I would say that's a pretty good price if they are a proven breeding pair! Make sure you know that the guy is trying to pull your leg, and you may make yourself a very nice deal. If they breed, the babies could be sold much more easily than red bellies (since they are so common), in my opinion.
~Taylor~

_*Topic Moved to Piranha Breeding Forum*_


----------



## Dairy Whip (Mar 26, 2006)

would be wicked deal if they are proven pair







good luck man let see some pics if you grab them


----------



## 2PiRaNhA~2FuRrY (Nov 1, 2005)

Don't pass out these deal!/..I would love to own a breeding pair of Gold Spilo...I have 9 4-5" myself now hoping one day i can actually breed them..But it going to be a very very long time.
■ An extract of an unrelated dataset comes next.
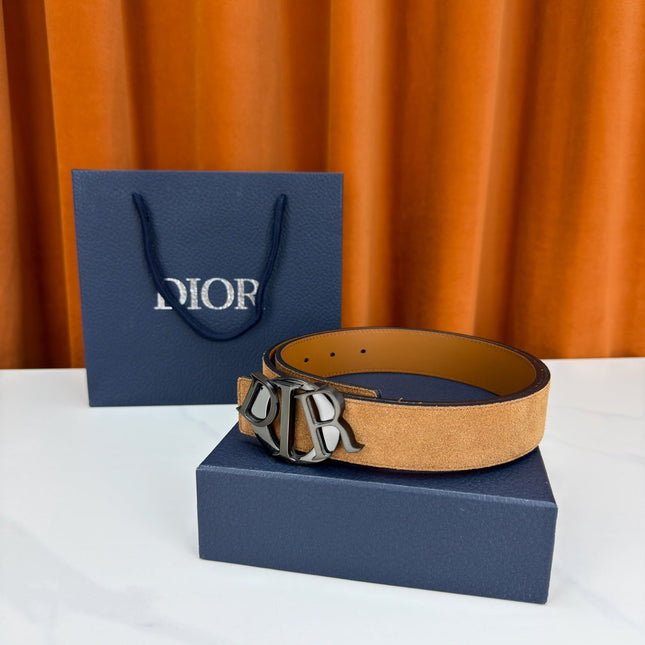 DIOR 26S CD LOGO BELT IN BROWN SUEDE CALFSKIN BLACK HARDWARE
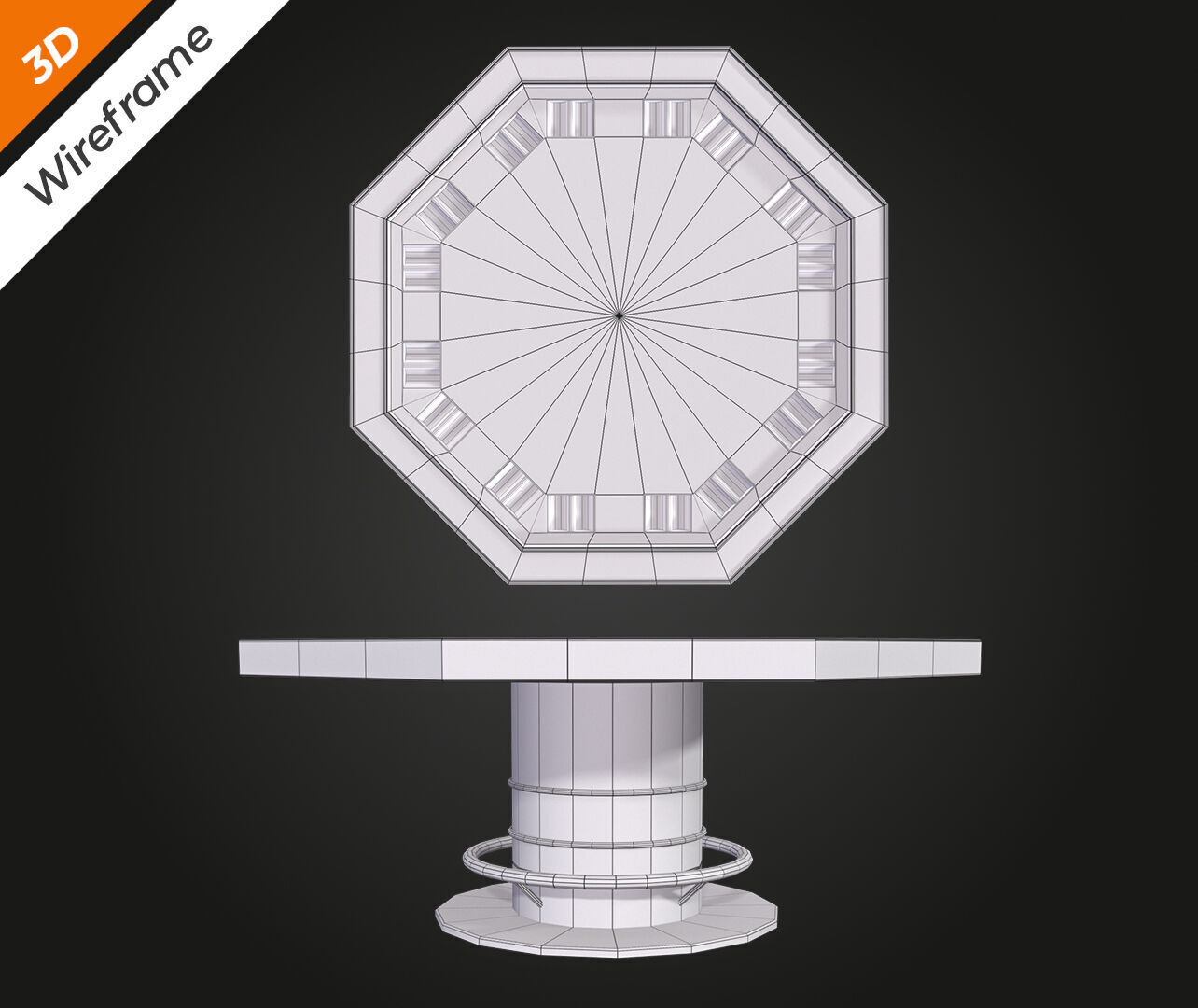 Poker Table Low-poly 3D model_13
$250 is a hell of a deal...you can even get breeding red bellies pair for that price...Why not go with the gold piranha? It more rare .


----------



## SNAKEBITE (Oct 7, 2006)

great deal if proven there a pair...but im thinking they might be terns


----------



## 2PiRaNhA~2FuRrY (Nov 1, 2005)

SNAKEBITE said:


> great deal if proven there a pair...but im thinking they *might be terns*


That's even better!


----------



## SNAKEBITE (Oct 7, 2006)

either or thats a great price!!!


----------



## chris k (Dec 27, 2006)

Have been trying to find info on them. Do spilo's have bright red eyes and get over 12" long?


----------



## Cal68 (Mar 23, 2007)

since its gold and its a pair...you cant go wrong... i say go for it. and it had red eyes..ts gota be a spilo...(even tho i am new to these too) i looked into it myself.


----------



## Froogle (Mar 15, 2006)

12 inches is big for spilopleaura


----------



## 77gp454 (Feb 18, 2007)

SNAKEBITE said:


> great deal if proven there a pair...but im thinking they might be terns


I bought 5 Ps that were called Gold Piranha, they turned out to be terns or maybe rbps. Thats a matter of opinion. Either way thats a cool deal for breeders.


----------



## Cal68 (Mar 23, 2007)

it might be a Serrasalmus Maculatus..they are neato..im looking for those myself.


----------